» **Your assignment**:
Pictures excluded, reproduce exactly the lines below from the one with "This gives you" through the one with "Looking at the", both included.

» **Material provided**:
+---+
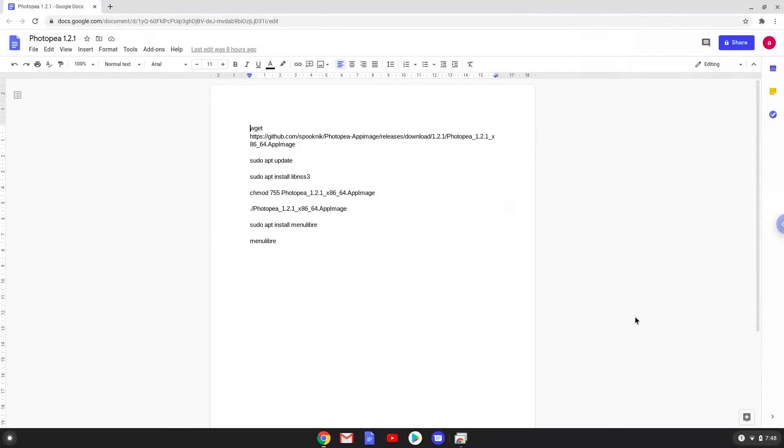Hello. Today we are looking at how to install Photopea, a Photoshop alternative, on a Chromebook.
+---+
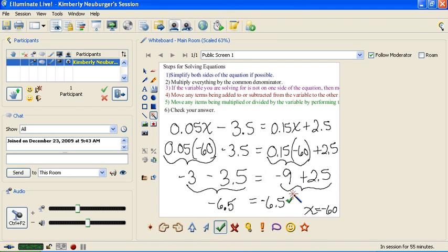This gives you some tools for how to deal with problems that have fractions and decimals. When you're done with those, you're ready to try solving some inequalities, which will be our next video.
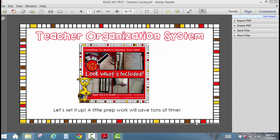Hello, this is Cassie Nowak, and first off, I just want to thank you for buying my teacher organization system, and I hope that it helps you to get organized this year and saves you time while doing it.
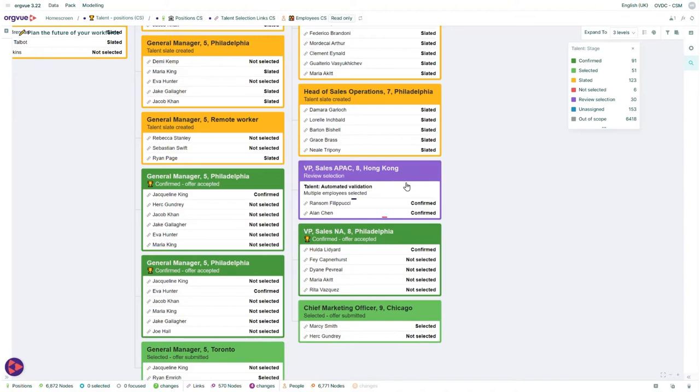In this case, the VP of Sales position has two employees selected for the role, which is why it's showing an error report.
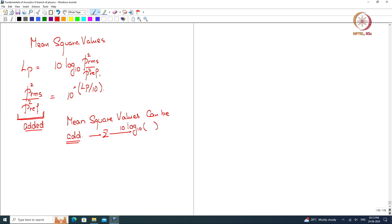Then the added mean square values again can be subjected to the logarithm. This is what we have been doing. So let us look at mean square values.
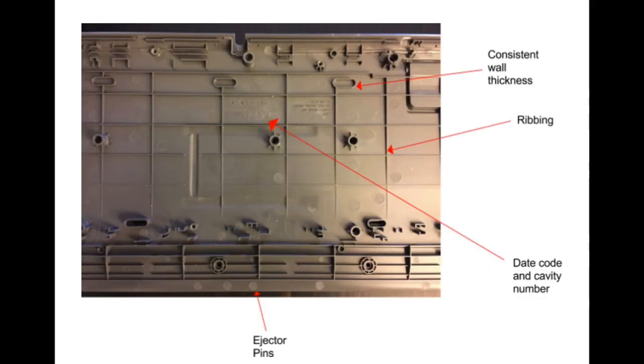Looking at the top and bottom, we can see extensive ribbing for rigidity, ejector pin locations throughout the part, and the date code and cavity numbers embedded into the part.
+---+
» **Solution for this task**:
This gives you some tools for how to deal with problems that have fractions and decimals. When you're done with those, you're ready to try solving some inequalities, which will be our next video.
Hello, this is Cassie Nowak, and first off, I just want to thank you for buying my teacher organization system, and I hope that it helps you to get organized this year and saves you time while doing it.
In this case, the VP of Sales position has two employees selected for the role, which is why it's showing an error report.
Then the added mean square values again can be subjected to the logarithm. This is what we have been doing. So let us look at mean square values.
Looking at the top and bottom, we can see extensive ribbing for rigidity, ejector pin locations throughout the part, and the date code and cavity numbers embedded into the part.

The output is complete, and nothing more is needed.